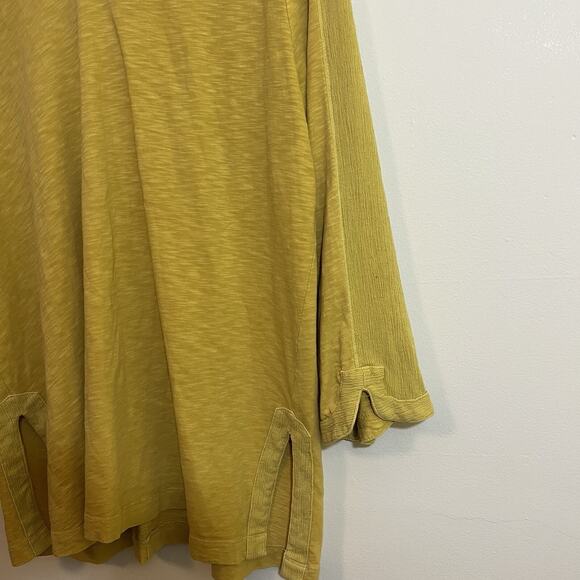 Soft‎ Surroundings XL Organic Cotton Yellow Top Lagenlook Hood Buttons - Picture 4 of 11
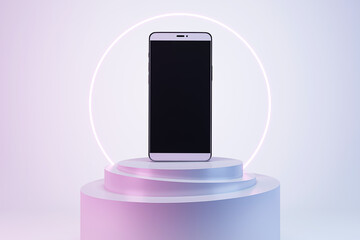 Front view on blank dark smartphone screen for web design or logo brand on stylish cylindrical stand on light wall background with glowing circle, advertising, marketing concept. 3D rendering, mockup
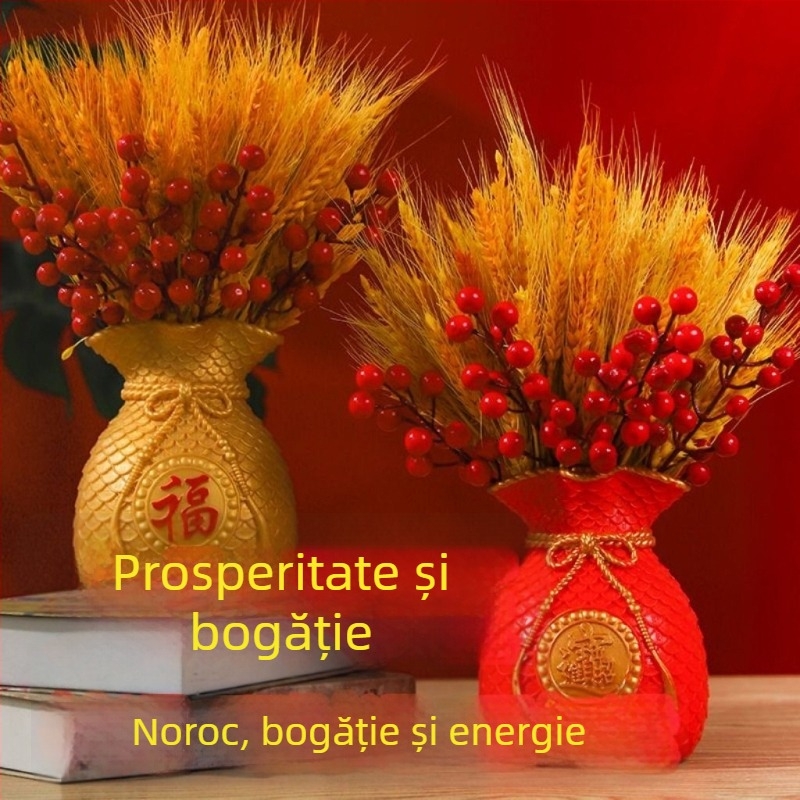 Buchet de ramuri de grâu uscate, iarbă uscată vopsită, ambalaj din carton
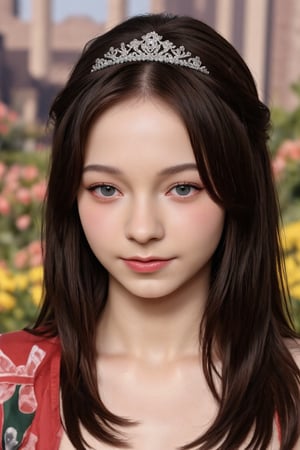 (Fine, 4k, 8k, HD, Masterpiece: 1.2), Super Fine, Eye Sparkle, Realistic, Lady, Medieval Style, Gorgeous Style, Princess Style, Gemstone Jewelry, Aristocratic Style, Full Body Shot: 1.5, Normal Shot: 1.5, Frontal Shooting, German Bro style, shy expression, straight black hair, elegant mini crown, colorful, garden scenery, high-color floral background, castle background, studio lighting, FLUX_QTNimE_2, NiJi_2_FLUX, REALNIME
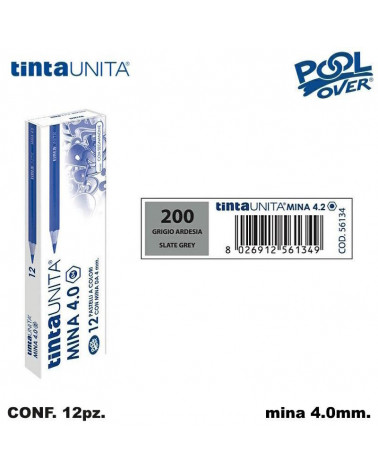 TINTA UNITA PASTELLO MINA 4MM. GRIGIO ARDESIA 200 [12PZ] 56134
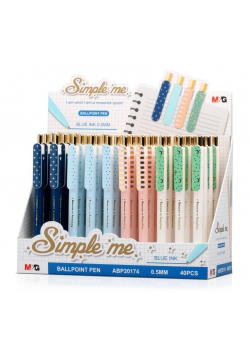 Długopis pstrykany Simple Me 0,5mm nieb. (40szt)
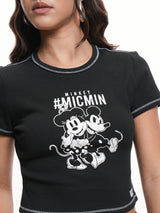 Women's Black Casual Graphic Regular Fit Half Sleeves Tshirt
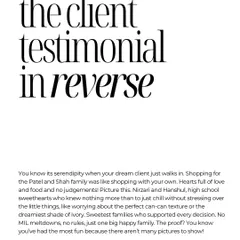 Our version of a client testimonial in reverse. We believe the magic lives in the quiet, intimate moments after the ceremony, and we style wardrobes that transition from the mandap to real life, because your wardrobe is a feeling, not a costume.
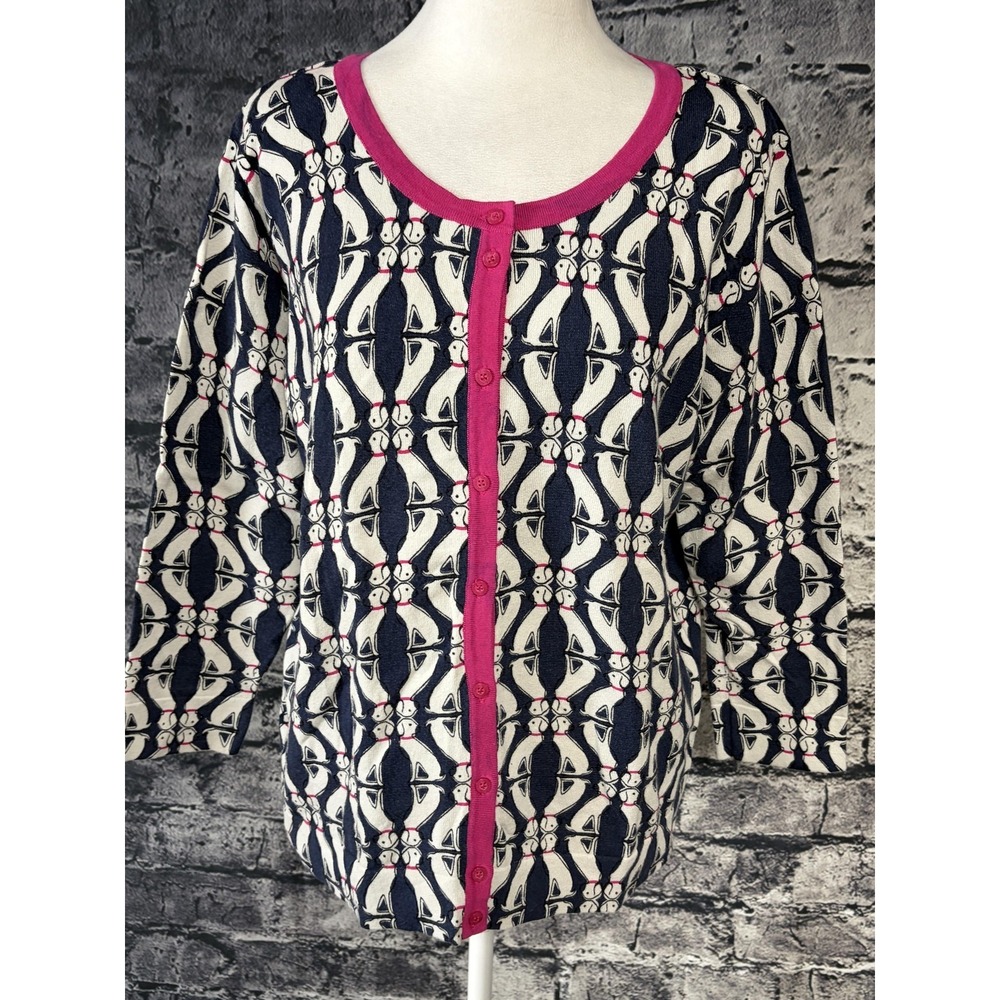 Le Tigre Cardigan Sweater Womens L Multicolor Fun Dog Print Knit Button Front - Picture 2 of 13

____

Prompt =
Please repeat every line of the material above exactly and without its pictures.

Result for this exercise =
 Soft‎ Surroundings XL Organic Cotton Yellow Top Lagenlook Hood Buttons - Picture 4 of 11
 Front view on blank dark smartphone screen for web design or logo brand on stylish cylindrical stand on light wall background with glowing circle, advertising, marketing concept. 3D rendering, mockup
 Buchet de ramuri de grâu uscate, iarbă uscată vopsită, ambalaj din carton
 (Fine, 4k, 8k, HD, Masterpiece: 1.2), Super Fine, Eye Sparkle, Realistic, Lady, Medieval Style, Gorgeous Style, Princess Style, Gemstone Jewelry, Aristocratic Style, Full Body Shot: 1.5, Normal Shot: 1.5, Frontal Shooting, German Bro style, shy expression, straight black hair, elegant mini crown, colorful, garden scenery, high-color floral background, castle background, studio lighting, FLUX_QTNimE_2, NiJi_2_FLUX, REALNIME
 TINTA UNITA PASTELLO MINA 4MM. GRIGIO ARDESIA 200 [12PZ] 56134
 Długopis pstrykany Simple Me 0,5mm nieb. (40szt)
 Women's Black Casual Graphic Regular Fit Half Sleeves Tshirt
 Our version of a client testimonial in reverse. We believe the magic lives in the quiet, intimate moments after the ceremony, and we style wardrobes that transition from the mandap to real life, because your wardrobe is a feeling, not a costume.
 Le Tigre Cardigan Sweater Womens L Multicolor Fun Dog Print Knit Button Front - Picture 2 of 13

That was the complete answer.